The Spielberg/Williams Collaboration Part III
A review
by Mikko Ojala
The legendary, over 40 years spanning collaboration between the director Steven Spielberg and the composer John Williams has yielded indelible cinematic classics where sight and sound combine in perfect union to create an unforgettable experience. Now in honour of the maestro’s 85th birthday, Sony Masterworks is releasing a four disc set celebrating the whole career spanning friendship and partnership in film that includes the two previous best-selling albums exploring the duo’s work (the 1991 The Spielberg/Williams Collaboration and the 1995 Williams on Williams: The Classic Spielberg Scores – that together span from Sugarland Express to Schindler’s List) along with a CD full of new re-recordings, and a DVD documentary.

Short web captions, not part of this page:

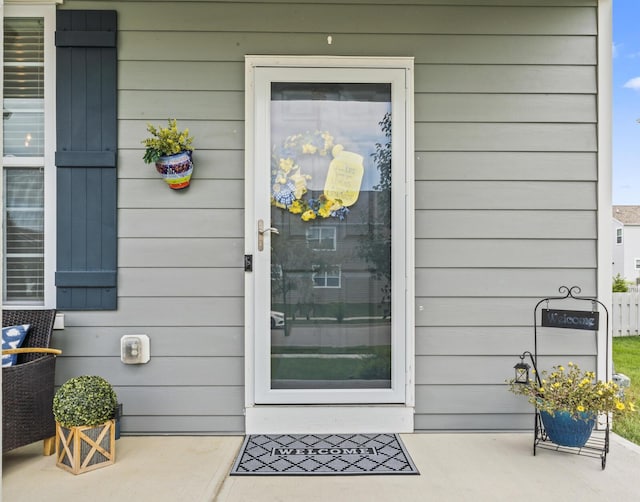 view of property entrance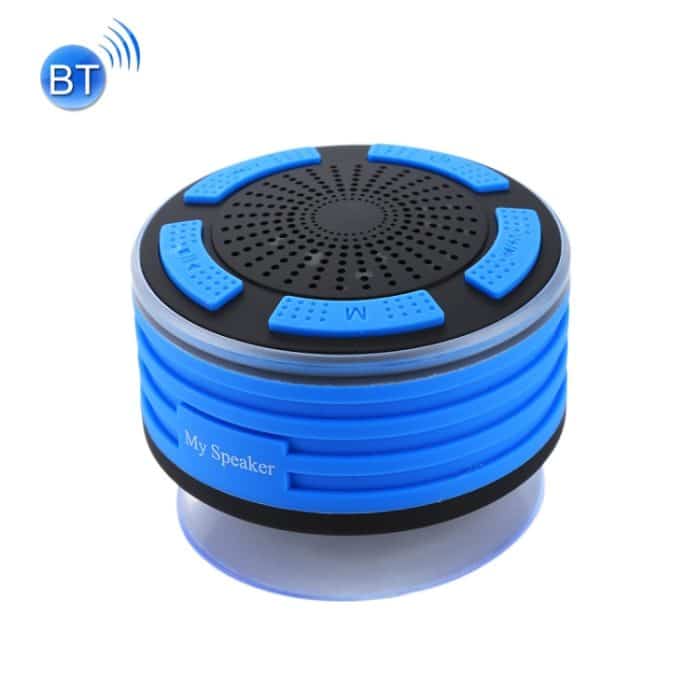 F013 Mini Portable IPX7 Wasserdichter Bluetooth V4.0 Stereo-Lautsprecher MP3-Player mit buntem LED-Licht und Saugnapf, Eingebautes Mikrofon, Unterstützung für FM-Radio, Bluetooth Entfernung: 10 m – Bild 1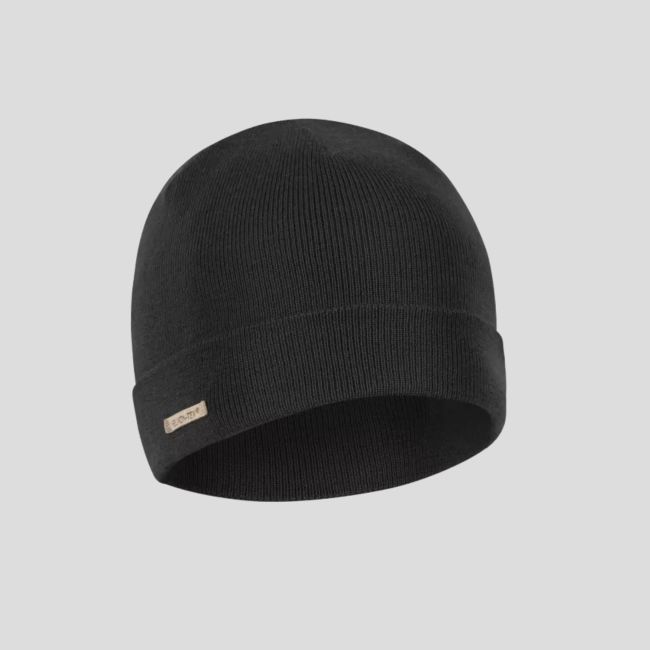 winter merino muts - zwart - helikon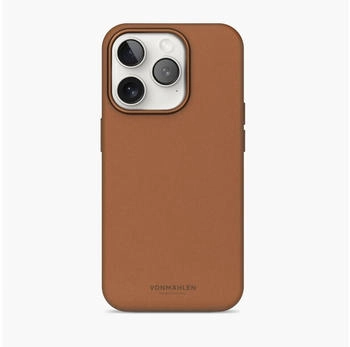 Vonmählen Like Leather Case for iPhone 16 Pro Max Brown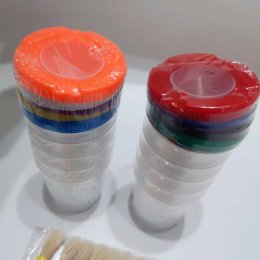 Paint Cup with brush set เซ็ตถ้วย 10 ใบพร้อมพู่กัน 10 สี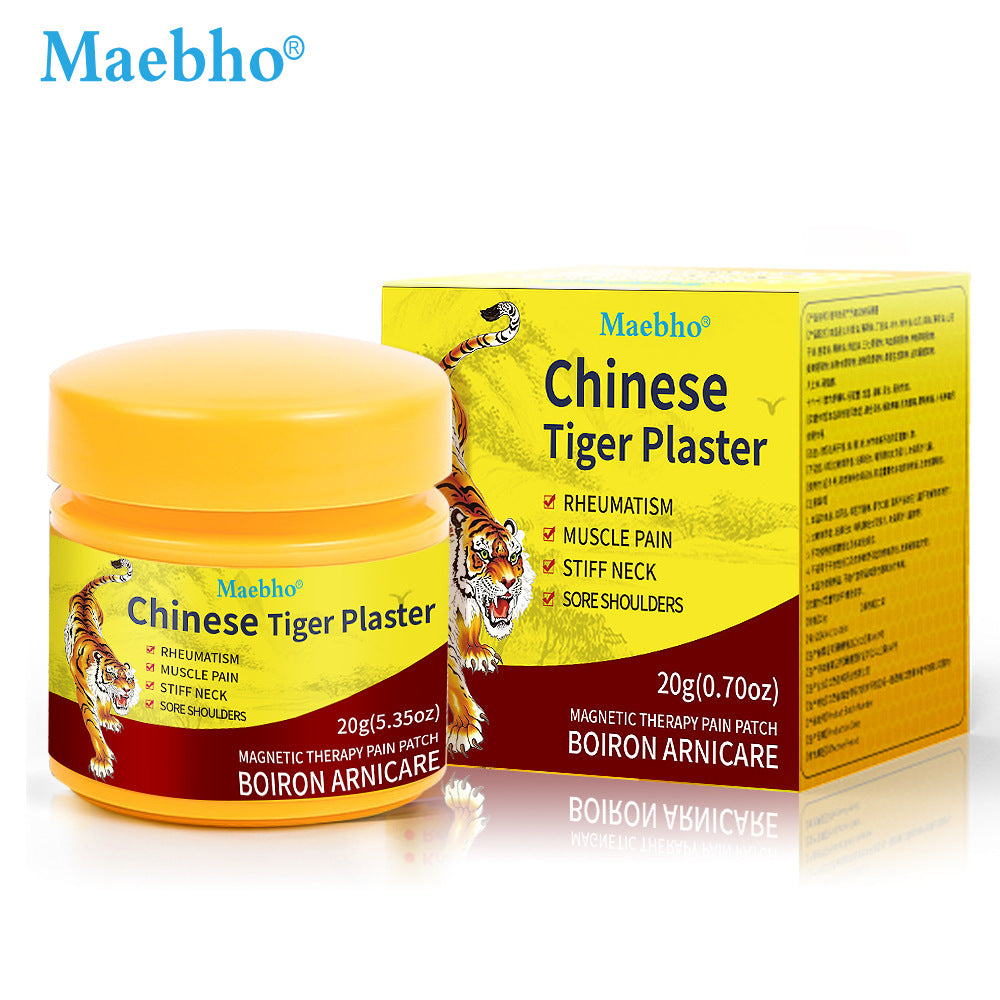 跨境老虎透骨膏 老虎霜身体护理霜肩颈腰腿关节涂抹自发热全英文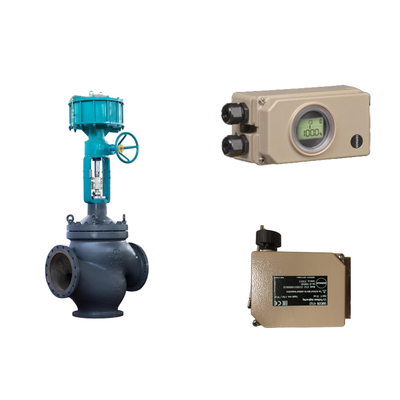Válvula de control neumático con comunicación dura Samson Electropneumático 3730-3 y posicionador samson 4763
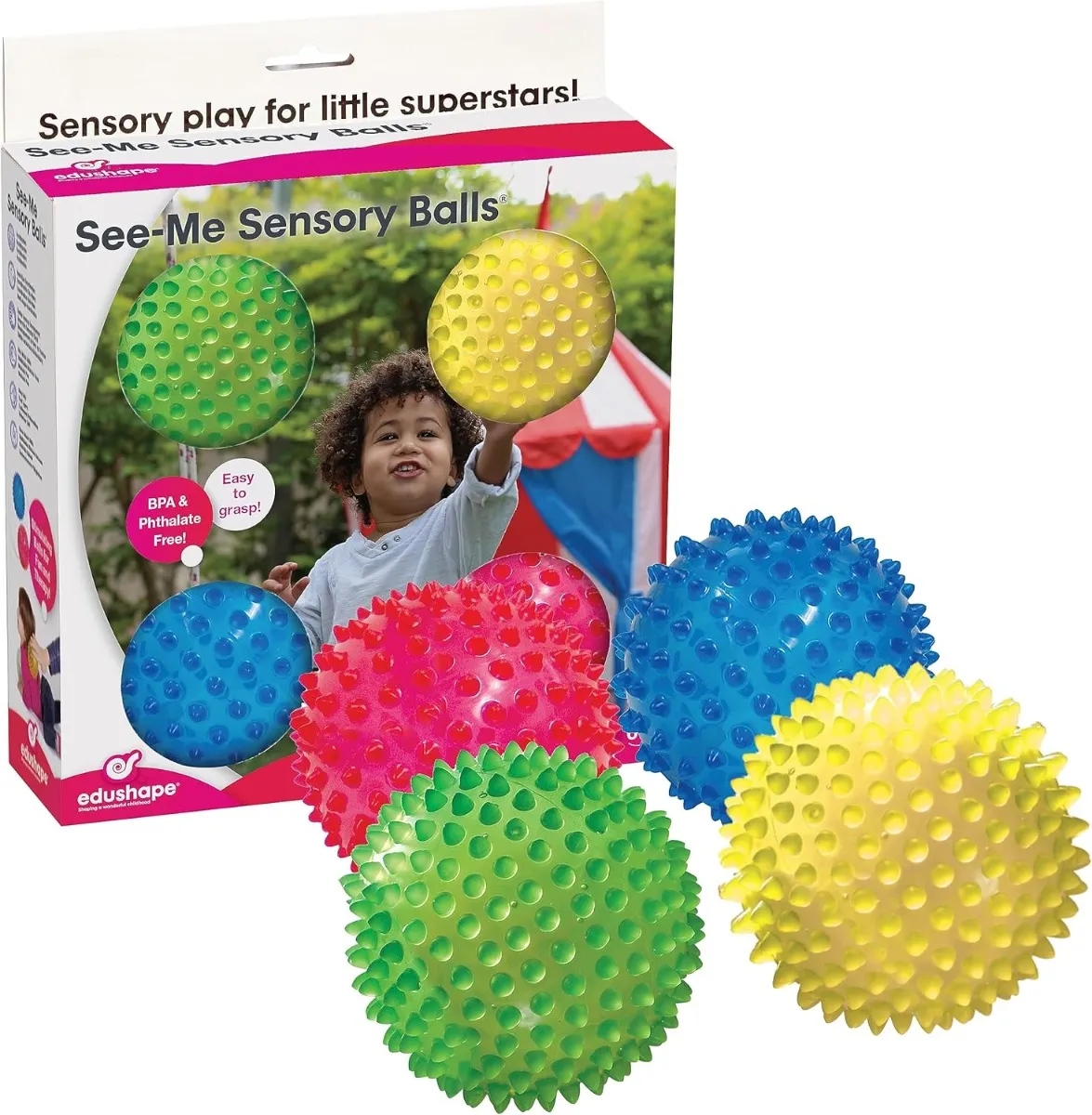 Edushape Sansebold See-Me 10 cm - 4 stk E705173-1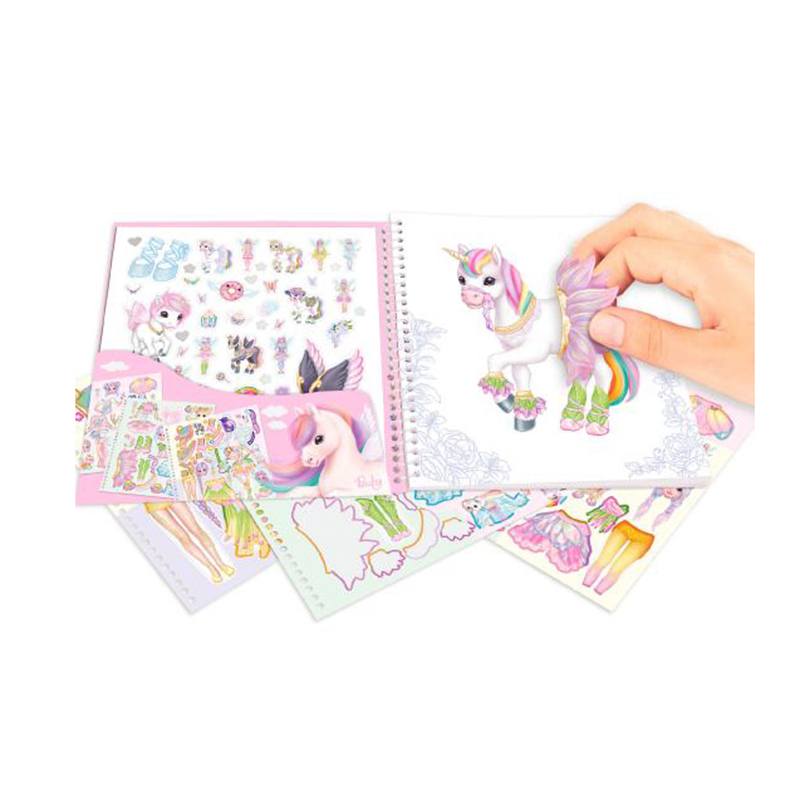 Ylvi Cuaderno con Pegatinas Dress Me Up - Imagen 2
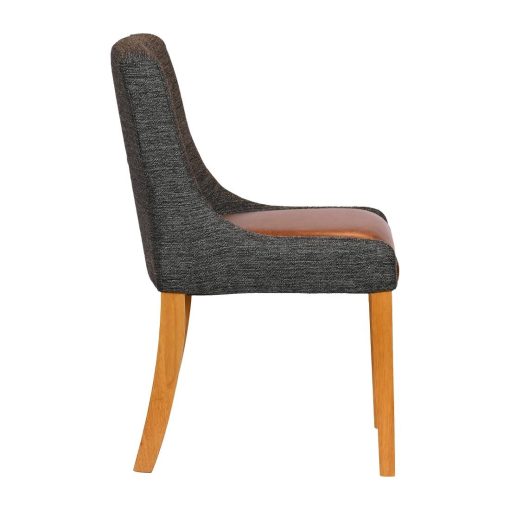 Bath Soft Oak Dining Chair with Smoke Back and Tan Seat 6 Pack (JA293)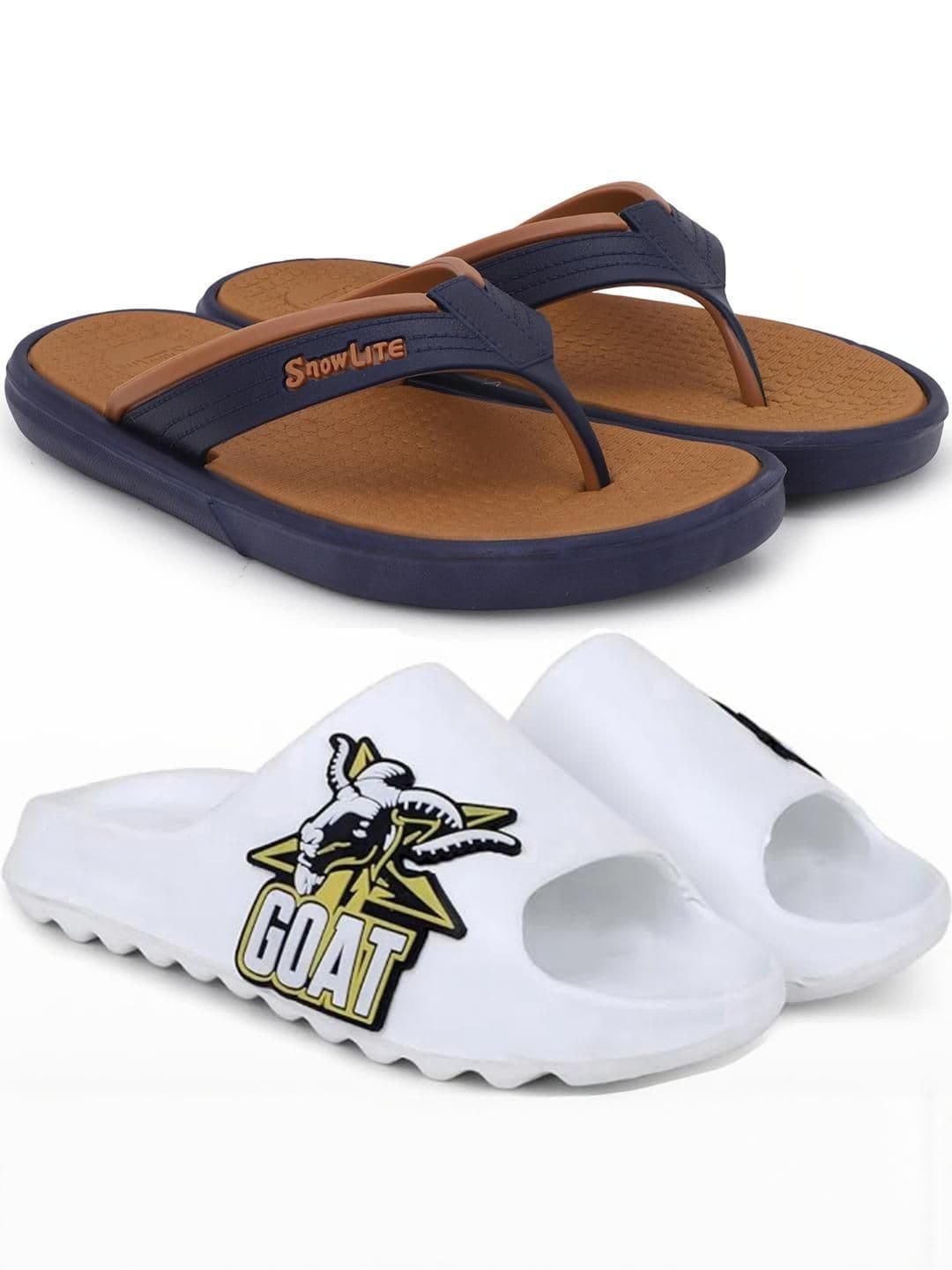 Pampy Angel Men Brown Flip Flops - view 1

The third disc of the set, which this review will focus on, is a brand new recording done last year that primarily covers the last 20 odd years of the relationship, starting from 1997’s Amistad and ending with their latest film The BFG from 2016. In the intervening years the composer has created numerous concert suites and versions of this music but a small fraction of them have been recorded in any form before now so the disc boasting such an enticing programme is a wonderful treat for any Williams fan. There are a few notable omissions as The Lost World: Jurassic Park, A.I.- Artificial Intelligence and War of the Worlds are conspicuously absent but since the running time of a single disc is certainly too short to present all the musical bounties packed in the past two decades of this collaboration I guess this is understandable and can be forgiven.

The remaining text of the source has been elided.